Quelles sont les prochaines expérimentations que tu as en tête ?
Pour la prochaine campagne, j’ai plusieurs pistes de travail en tête. Je pense notamment aux extraits de compost. La différence avec les thé de compost est qu’au lieu de sélectionner une flore aérobie, on extrait l’ensemble de la flore : à la fois aérobie et anaérobie. Dans ce cadre, les travaux de David Johnson, un chercheur américain très engagé dans l’agriculture de conservation, sont très inspirants. Il a découvert que le rapport entre les champignons et les bactéries dans le sol est essentiel à la productivité d'une plante dans des systèmes agricoles en sols vivants, et donc à l'efficacité de l'absorption des nutriments par la plante. Il augmente également de manière significative le taux de captage du carbone.
Je pense également à implémenter le strip-till en travaillant les futures lignes de semis et en injectant les EM dans ces bandes travaillées. Une autre option qui paraît intéressante est de localiser du compost sur les lignes de semis, comme de la fertilisation localisée mais avec du compost.
Le mot de la fin ?
En changeant mes pratiques, j’ai réussi à recréer une structure de sol favorable. En faisant des profils de sol, on constate que les semelles de labour ont presque disparu. Le sol est vivant et un probant dégradé de la matière organique depuis la surface vers la profondeur.
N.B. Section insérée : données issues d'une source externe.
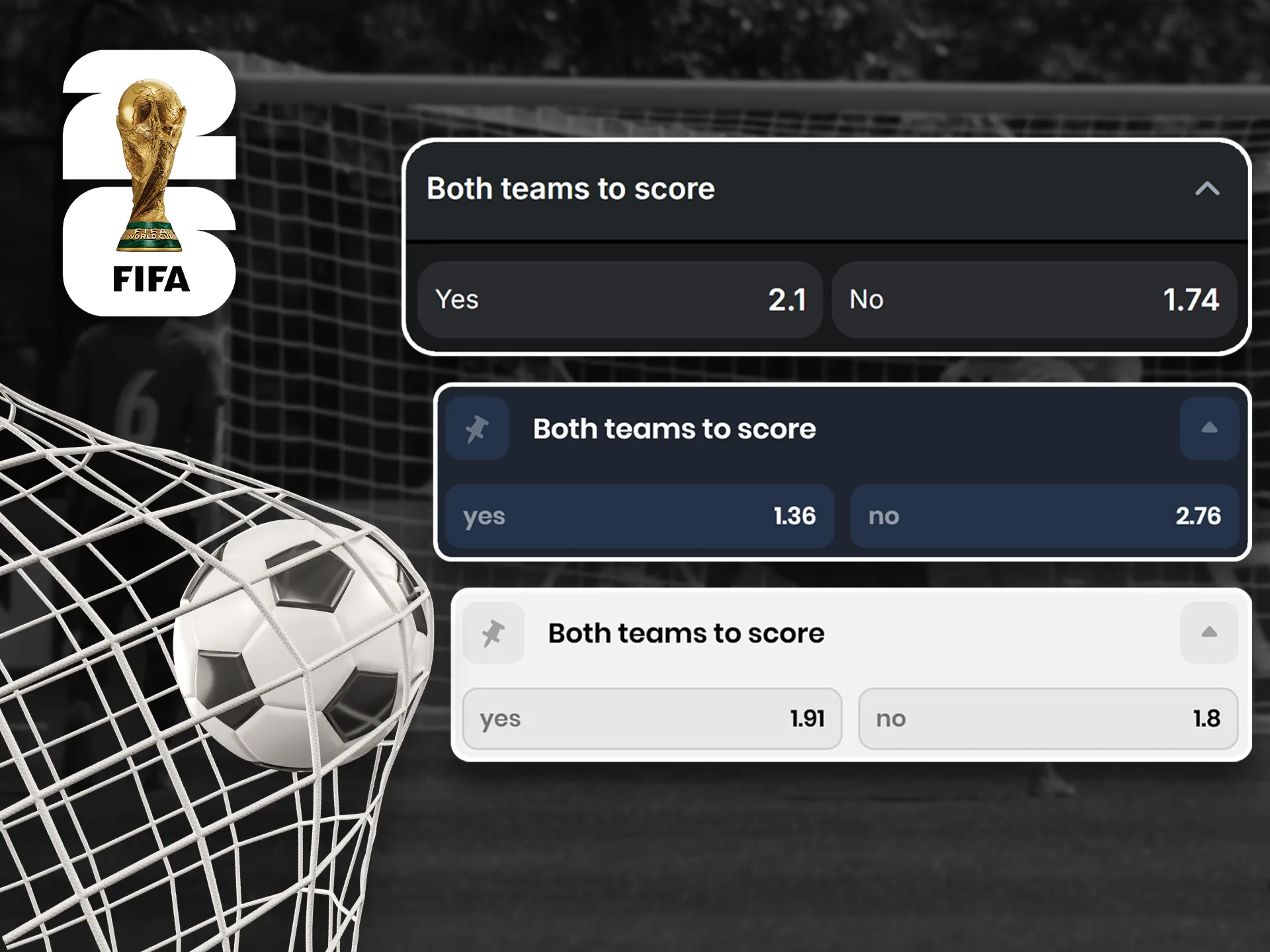 Both teams to score option for FIFA World Cup.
Mon objectif est d’être le plus indépendant possible, à la fois sur la partie intrants, production et aval. J’ai un système plus résilient et j’ai réussi à sécuriser la partie financière de ma ferme. J’ai réussi à réduire les charges autant que je le pouvais, maintenant l’objectif est d’aller plus loin dans la partie commercialisation en me focalisant sur la partie transformation et vente directe.